When Mills opened the first oil tap in December 2010, he pledged to avoid the mistakes of other African oil producers and save revenue for future generations. The resource comes with “serious responsibilities” and the government “must ensure oil is a blessing, is not a curse,” he said.
Ghana began racking up foreign debt less than two years after it was one of a group of highly indebted poor countries granted large write-offs. The government sold its first global bond of $750 million in 2007 and, following the oil discovery, received a $3 billion loan from China in 2011.
Rising Yields
Authorities have sold $1 billion in Eurobonds in each of the past two years and plan to auction at least another $1 billion this year. The yield on the Ghana’s dollar debt maturing in 2023 is up 130 basis points, or 1.3 percentage points, to 9.286 percent since it was sold in July 2013.
Public debt has almost doubled since 2007 to reach 68 percent of gross domestic product. The country may be headed for default in the next few years, Bloomberg Intelligence’s Mark Bohlund wrote this week.
“Government has borrowed and borrowed,” said Mohammed Amin Adam, head of the Accra-based African Center for Energy Policy. “If you look at borrowing and spending behavior, it quickly reached unsustainable debt levels on the back of oil expectations.”
Part of that borrowing was used to pay higher wages after Mills implemented a new salary structure for more than 600,000 civil servants in 2010. The wage bill more than doubled to 5 billion cedis ($1.5 billion) in 2011 and increased by 47 percent the year after that.
Energy Crisis
Mills died in office in 2012. He was replaced by John Dramani Mahama, who has failed to stem debt levels or solve the energy crisis.
His government has blamed falling commodity prices for much of the crisis as it cut budgeted revenue while pointing to oil prices for the cedi’s decline. Two phone calls and a text message to the mobile phone of Finance Minister Seth Terkper weren’t answered.

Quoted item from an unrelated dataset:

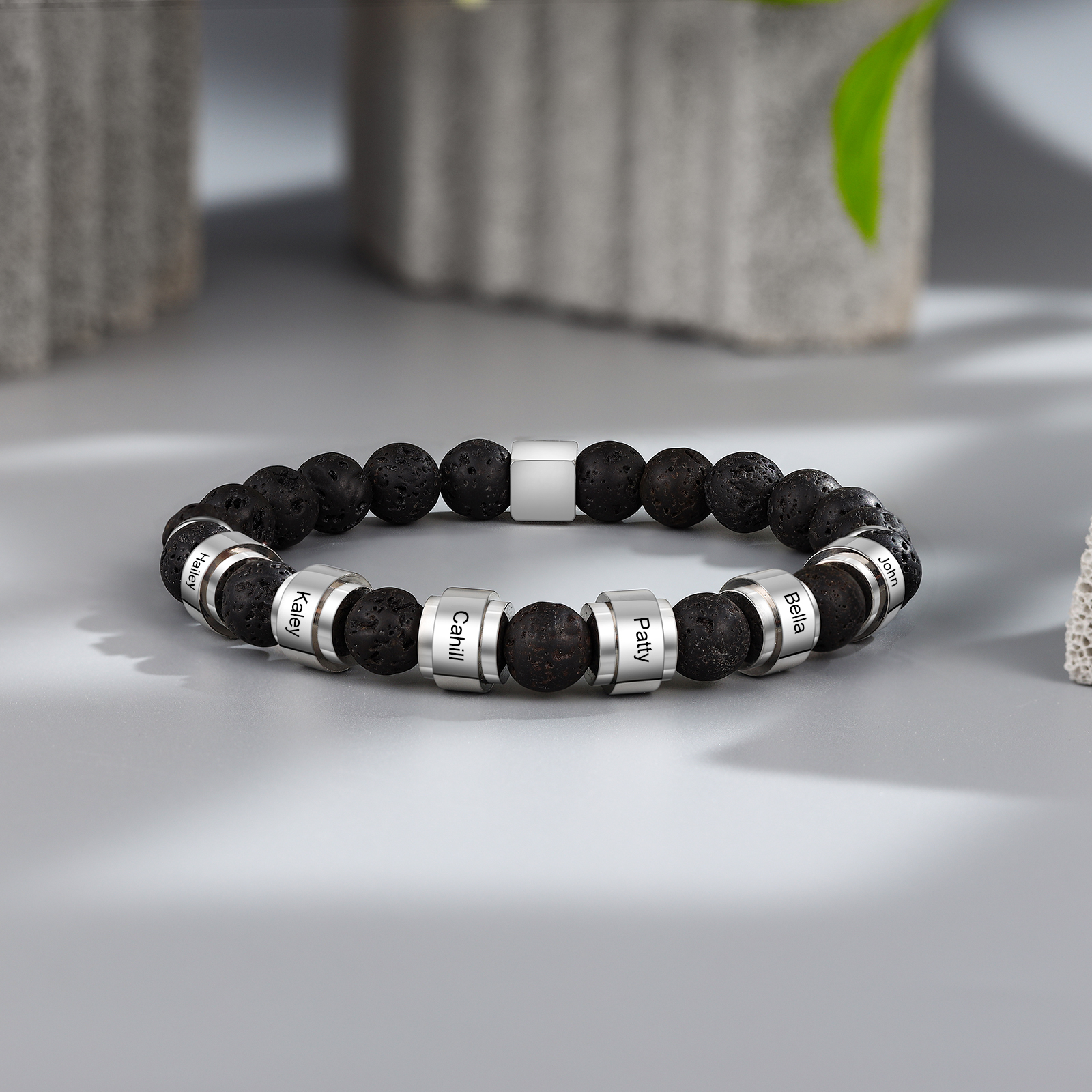Personalised Lava Rock Bracelet with 6 Names Men's Bracelet Gifts For Him-Jessemade AU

The IMF loan, agreed to in April, has provided the government with some breathing space and given investors reason to come back as authorities pledge to keep spending under control. The cedi has recouped all its losses of the first half of the year. And it has gained 26 percent against the dollar since June 29, when the IMF gave a positive assessment of Ghana’s budget targets.
‘More Cautious’
“With the IMF coming in, the government is being more cautious in terms of borrowing,” said Bernard Anaba, a policy analyst at the Integrated Social Development Centre, an Accra-based research group. “I’m optimistic that the accumulation of debt will slow down.”
The cedi has plunged 58 percent against the dollar since the beginning of 2011, reaching a record low of 4.49 on June 29. Inflation reached 17.1 percent in June. Santiago Cuneo, an economist at RVX Asset Management based in Miami, said he had owned Ghanaian debt before but wouldn’t jump at it now.
“Since the IMF deal, there has been some improvement in the numbers but I’m afraid we’re going to see a weakening cedi,” he said. “Even if there’s progress on the fiscal side, the price of oil and the falling commodity prices are not going to help.